Drink your well-deserved after-workout shake. This is our favourite, easy to make yourself: 300ml low-fat milk, 150g low-fat yoghurt, 25g honey, 10g whey powder, 1 banana.
#3 Miss out on your core-stability trainings
The secret to running is to do more than just running. If you want to go faster and better, a stronger body is what will push you forward. A strong abdominal core and strong legs will provide the perfect framework to gain speed in your running. Of course, exaggerations are not ideal either: a bodybuilder will not run faster. But, strong legs and abdomen will help you conquer bridges and hills, or make run faster on even ground.
Schedule your trainings as such that in between your running days, you go for core stability trainings or power classes.
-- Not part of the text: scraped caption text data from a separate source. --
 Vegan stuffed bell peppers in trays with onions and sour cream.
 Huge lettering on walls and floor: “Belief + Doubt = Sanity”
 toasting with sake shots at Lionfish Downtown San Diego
An ideal scheme for anyone hoping to bypass the 5km or looking to improve their overall fitness could be the following:
Day 1. Slow long distance Run
Day 2. Core stability training
Day 3. Interval Run
Day 4. Power training
Day 5. Rest
Day 6. Long slow distance Run
Day 7. Core stability training.
#4 Sidestep the carbohydrates
Misconception nr. 4: No, carbohydrates are not your enemy. Potatoes, rice, bread, pasta: you need these heavily! Without you can forget about gaining muscle mass. Of course, as always, do not exaggerate and look into the needs regarding your specific sport schemes.
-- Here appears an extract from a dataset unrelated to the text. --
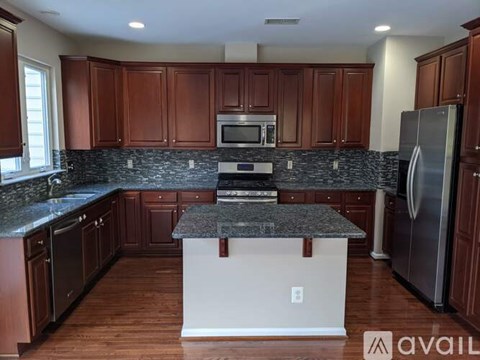 A kitchen with brown cabinets and a granite countertop.
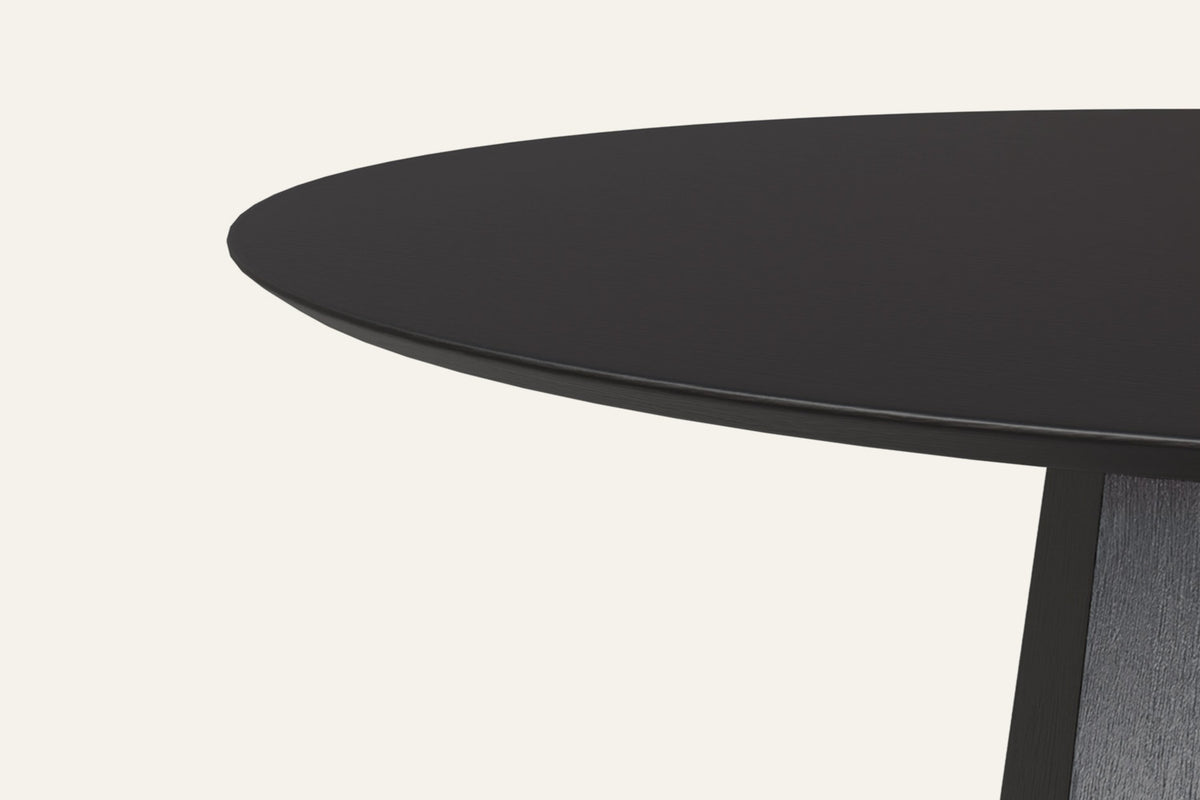 The Monza Round Dining Table, close-up of the black oak grain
On days of heavy weight-lifting or power trainings, you will need an above-average amount of carbohydrates. On days of slow long distance runs, you won’t need an extra portion of pasta. Just remember: any training that involves power and muscle creation or anaerobe, very high intensity trainings, you will need to back up your body with extra fuels.
#5 Run just by yourself
Time is money, and sometimes you don’t feel like waiting for someone else to clear up their agenda. And even though, running by yourself can be relaxing from time to time, a running buddy is great to help keep pace and frequency. On the other hand, if you cannot train on your own and always need someone else to give you discipline, anything beyond the ordinary will not be within your scope. As always, it’s about finding balance.
Join a runner’s club or try to find a buddy nearby with the same motivations and speed(!). We run with Club 365 in Ghent (Gent) Belgium, guided by Belgium's best marathon coach Stefaan Enghels. After all, pleasure is only real when shared.